With the 530i, BMW has applied a modern, high-tech approach to its traditional cockpit-style presentation, and it feels a little more driver focused. Adding to the presentation at the wheel, our 530i also had BMW’s superb, optional comfort seats for the driver and front passenger. The conventionally styled dash layout has a high-quality appearance and we found the controls a little more intuitive to use than the E300 set-up. The 530i’s clear, informative head-up display is arguably the best we have seen.
Many features to master
In both cars, however, it will take time to master the vast number of features and functions on offer. Cabin space differs by only a few millimetres. Our tape measure showed the E300 cabin had a slight edge at most points but the 530i boot had more useable space with fewer intrusions.

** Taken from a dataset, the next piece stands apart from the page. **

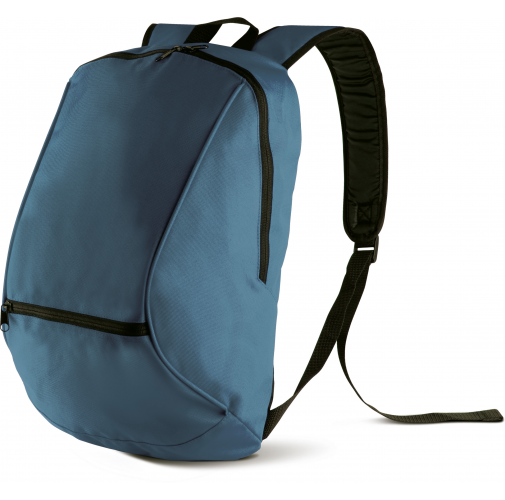iris blue Mochila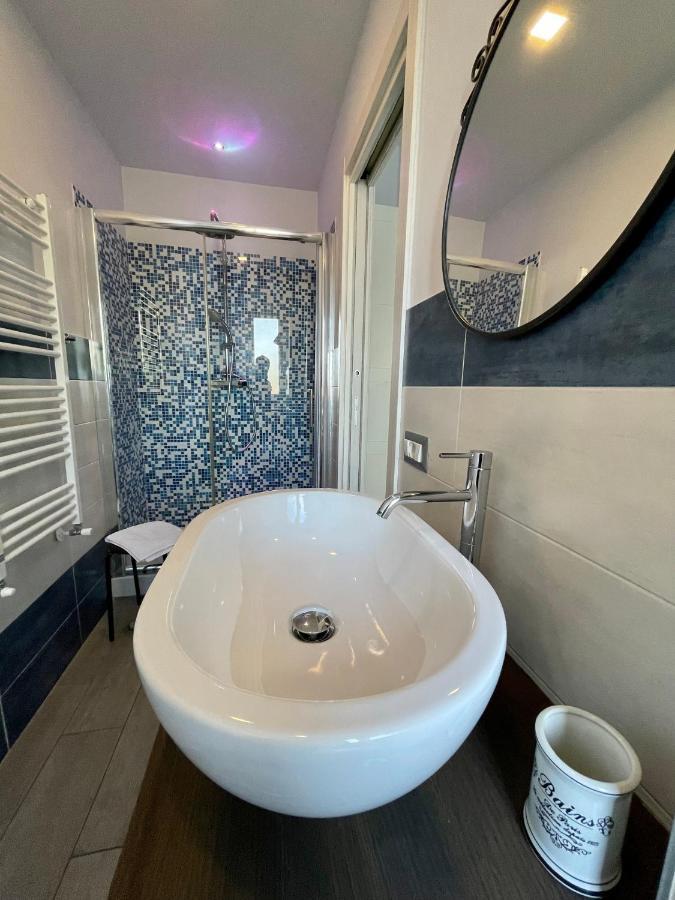 Il Covo Degli Arditi B&B Potenza Buitenkant foto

Once again, on the road, it will all come down to personal preference. The performance and agility for cars of their size is impressive. Each has a range of selectable driving modes, with the performance, transmission, steering and suspension to be fine-tuned to suit individual needs. Generally speaking, the BMW is a touch sharper in handling, while the Mercedes with its air suspension has a slightly more compliant ride and the cabin tends to be a little quieter.
Under the bonnet, both have potent 2.0-litre four-cylinder turbo-charged petrol engines. The 530i engine produces 185kW of power and 350Nm of torque which it puts to the ground via an eight-speed automatic, while the E300 puts out 180kW and 370Nm and employs a nine-speed automatic.

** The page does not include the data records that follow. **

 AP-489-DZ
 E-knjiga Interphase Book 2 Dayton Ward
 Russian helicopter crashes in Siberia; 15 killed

Both manufacturers quote the same 0-100km/h acceleration time – a very healthy 6.2 seconds. With a fraction more torque and an extra gear, the E300 feels just a little stronger at times, but is significantly thirstier. ADR consumption for the 530i is a very impressive 5.8L/100km, while the E300 at 7.1L/100km is still good for a car of its size and performance potential. Real-world consumption will depend on the way the car is driven and the driving mode selected. Over a wide range of conditions, where all the different drive modes were tried at various times, our 530i averaged 7.8L/100km and the E300 used 9.2L/100km. Premium-grade, 95 RON petrol is recommended for both.
Although the BMW 530i has not been ANCAP rated yet, its sibling, the diesel variant 520d, has a 5-star ANCAP rating. Mercedes E-class has a 5-star rating across the range.
E300 and 530i are both technically sophisticated, dynamically superb large luxury sedans. Buying decisions will probably come down to personal preference and brand loyalty as a strong case could be argued for either car. In this comparison, the BMW 530i gets the nod by the narrowest margin, mainly because we found the cabin layout a touch more intuitive and it is a slightly more involving driver’s car.